Benoît XVI a demandé lundi aux 179 ambassadeurs accrédités près le Saint-Siège de «sensibiliser» leurs gouvernements «afin que soient fournies de façon urgente les aides indispensables pour affronter la grave situation humanitaire» qui afflige la Syrie. Lors de cette audience annuelle où le corps diplomatique vient présenter ses vœux au Pape lors d’une cérémonie très protocolaire, le chef de l’Église catholique en profite pour délivrer en français un long discours d’ordre géopolitique où il passe en revue les situations les plus préoccupantes de la planète. Cette année, la Syrie s’est taillé la première place: «Je renouvelle mon appel, a dit Benoît XVI à propos de ce pays, afin que les armes soient déposées et que prévale le plus tôt possible un dialogue constructif pour mettre fin à un conflit qui ne connaîtra pas de vainqueurs, mais seulement des vaincus, s’il perdure, ne laissant derrière lui qu’un champ de ruines.» Il avait lancé le même cri lors de son message urbi et orbi, le jour de Noël.

«Jérusalem, cité de la paix»

Le Pape a également sollicité l’appui de la communauté internationale pour qu’une solution pacifique soit également trouvée entre Palestiniens et Israéliens: «Suite à la reconnaissance de la Palestine comme État observateur non membre des Nations unies, je renouvelle le souhait que, avec le soutien de la communauté internationale, Israéliens et Palestiniens s’engagent pour une cohabitation pacifique dans le cadre de deux États souverains, où le respect de la justice et des aspirations légitimes des deux peuples sera préservé et garanti. Jérusalem, deviens ce que ton nom signifie! Cité de la paix et non de la division ; prophétie du Royaume de Dieu et non message d’instabilité et d’opposition!»

Revenant sur les pays touchés par le printemps arabe, Benoît XVI a demandé en référence aux populations chrétiennes minoritaires que «toutes les composantes» de ces sociétés puissent obtenir la «garantie» de la «pleine citoyenneté» et la «liberté de professer publiquement sa religion». S’adressant plus particulièrement aux «Égyptiens», il les a assurés de sa «proximité», «au moment» où se mettent en place «de nouvelles institutions».

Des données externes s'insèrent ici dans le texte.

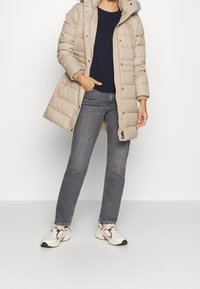 Beige pufferjas met een met bont gevoerde capuchon, drukknoopsluiting en geribbelde manchetten, gecombineerd met grijze spijkerbroek en witte sneakers.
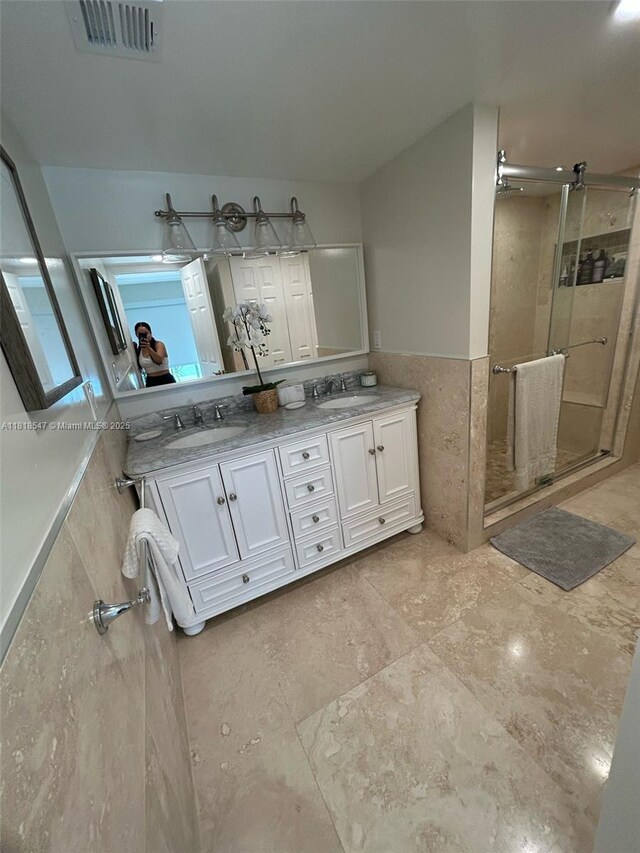 4000 NE 168th St Unit 110A, North Miami Beach, FL 33160 - bathroom featuring a stall shower, double vanity, tile walls, and a wainscoted wall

Abordant la question africaine, le Pape s’est inquiété du retour des violences à «l’est de la République démocratique du Congo», mais aussi au Mali et au Nigeria, qui est le théâtre «d’attentats terroristes» dont les victimes sont «surtout» des «fidèles chrétiens». Il a confié sa «grande tristesse» face au dernier attentat en date, le jour de Noël, où «des chrétiens ont été tués d’une façon barbare».

Benoît XVI a réaffirmé que les religions n’étaient pas causes de violence: «C’est justement l’oubli de Dieu, et non pas sa glorification, qui engendre la violence» et qui est à la source d’un «fanatisme pernicieux de matrice religieuse». Il s’est ensuite «réjoui» d’une résolution de l’Assemblée parlementaire du Conseil de l’Europe demandant la «prohibition de l’euthanasie», déplorant par ailleurs que, dans des pays «même de tradition chrétienne», des législations qui «dépénalisent ou libéralisent l’avortement» aient été introduites ou renforcées.